> **THE DATA**
= = = =
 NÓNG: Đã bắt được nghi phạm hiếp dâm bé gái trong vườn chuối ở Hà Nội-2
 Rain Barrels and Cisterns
= = = =
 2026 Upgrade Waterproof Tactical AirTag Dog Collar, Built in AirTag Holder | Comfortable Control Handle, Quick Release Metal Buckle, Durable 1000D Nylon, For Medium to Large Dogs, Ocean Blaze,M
= = = =
> **WORK TASK**
Would you quote everything above from the line containing "NÓNG: Đã bắt" down to the line containing "Rain Barrels and Cisterns"? Include both of those lines and nothing else.

> **RESPONSE AREA**
 NÓNG: Đã bắt được nghi phạm hiếp dâm bé gái trong vườn chuối ở Hà Nội-2
 Rain Barrels and Cisterns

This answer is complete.